瀬谷の生き物だより【109】 文:今野紀昭(瀬谷環境ネット)写真:中村多加夫(同上)・岸 久司※ヒクイナ撮影
クイナ(水鶏)鳴くは、俳句の世界では夏の季語で「一つ家を毎晩たたく水鶏哉」と正岡子規の句にも詠まれている。唱歌「夏は来ぬ」にも唄われ良く知られた鳥であるが、その姿を目にした方は少ないのでは。
クイナは北海道、本州北部で繁殖し、本州以南で冬鳥として越冬する。夏の季語に詠まれるクイナは、ヒクイナ(緋水鶏)で全国に夏鳥として渡来し、キョッ、キョッ、キョッと連続して鳴くその声が戸を叩く様と詠まれたのである。クイナもヒクイナも水辺、湿地の同じ環境に棲息する鳥で、俳句の世界ではその違いを正す必要もなく、季節の鳥として詠んでいたのであろう。

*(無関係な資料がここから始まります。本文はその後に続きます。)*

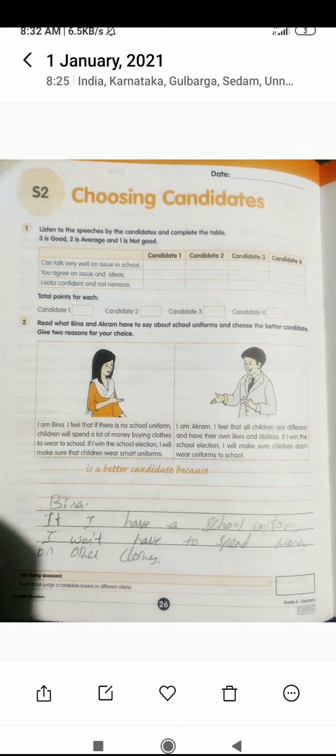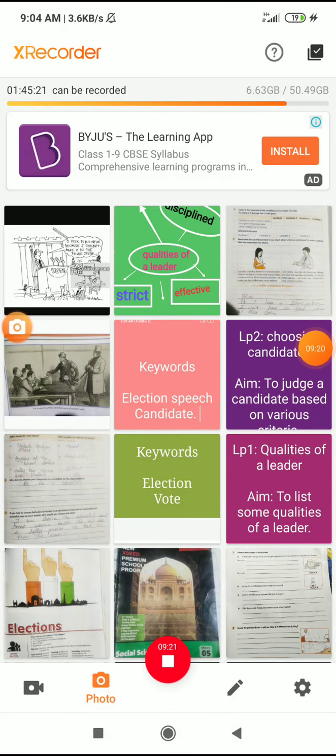But Akram is saying: all children are different and have their own likes and dislikes. If I win the school election, I will make sure children don't wear the uniform to school. Students like to wear the clothes they like, so why always wear a uniform? So in your view, who is correct and to whom will you select as your leader - you have to write that and also write the reason. So we have completed LP1 and LP2. Tomorrow we will go through LP3 and LP4.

クイナはツル目クイナ科の鳥で日本では13種が記録され、ヤンバルクイナは有名である。全長は30cm弱で小型の鶏に似る。体上面は茶褐色で黒い縦班が入り、脇から下腹と下尾筒は鮮やかな白と黒の縞模様になっている。和泉川では例年1月に入ると現れるのであるが、今年は早く12月から見られている。警戒心の強いこの鳥を探すのも散策の楽しみにしては如何。